TITLE=Oxymatrine Synergistically Enhances Doxorubicin Anticancer Effects in Colorectal Cancer

JOURNAL=Frontiers in Pharmacology

VOLUME=Volume 12 - 2021

YEAR=2021

URL=https://www.frontiersin.org/journals/pharmacology/articles/10.3389/fphar.2021.673432

DOI=10.3389/fphar.2021.673432

ISSN=1663-9812

ABSTRACT=Abstract
The combination of chemotherapy with natural products is a common strategy to enhance anticancer effects while alleviating the dose-dependent adverse effects of cancer treatment.
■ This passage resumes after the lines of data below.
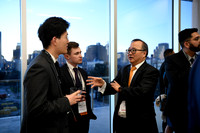 1391 STS2024-LTTF and WTS Scholarship Reception
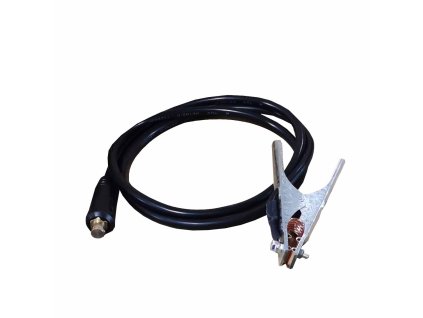 1682675733kabel zemnici se svorkou1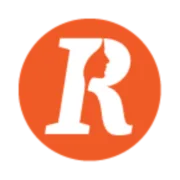 Restorative Management logo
Oxymatrine (OMT) has been extensively reported as having anticancer activity. Doxorubicin (DOX) is a chemotherapeutic DNA damaging agent used for the treatment of carcinoma. In this study, we investigated whether synergistic effects exist with the combination treatment with OMT and DOX using human colorectal cancer cells (CRC) lines and the potential mechanisms involved in vitro and in vivo activities. The MTT and colony formation assay results showed that compared to either OMT or DOX monotherapy, the combination of OMT+DOX markedly inhibited the growth of HT-29 and SW620 cells. Wound healing assays showed significant inhibition of cell migration under co-treatment, supported by the change of E-cadherin and N-cadherin expression in western blotting. Furthermore, flow cytometry analysis revealed that OMT+DOX co-treatment enhanced cell apoptosis as a result of ROS generation, whereas NAC attenuated OMT+DOX-induced apoptosis. Similarly, the apoptotic-related proteins (cleaved caspase-3, cleaved caspase-9, and the ratio of Bax/Bcl-2) were determined by western blotting, which showed that the expression of these markers were notably increased in the co-treatment group. Furthermore, co-administration of a low dose of DOX and OMT inhibited xenografte tumor growth in a dose-dependent manner. TUNEL assay and Ki67 staining images indicated more apoptosis and less proliferation occurred in OMT plus DOX-treated xenograft tumors. Meanwhile, the combination strategy decreased cardiotoxicity, which is the most serious side effect of DOX. RNA-sequencing was performed to explore the precise molecular alterations involved in the combination group. Among the numerous differentially expressed genes, down-regulated FHL2 and up-regulated cleaved SPTAN1 were validated in both mRNA and protein levels of HT-29 and SW620 cells. These two proteins might play a pivotal role involving in OMT+DOX synergistic activity. Overall, OMT in combination with DOX presented an outstanding synergistic anti-tumor effect, indicating that this beneficial combination may offer a potential therapy for CRC patients.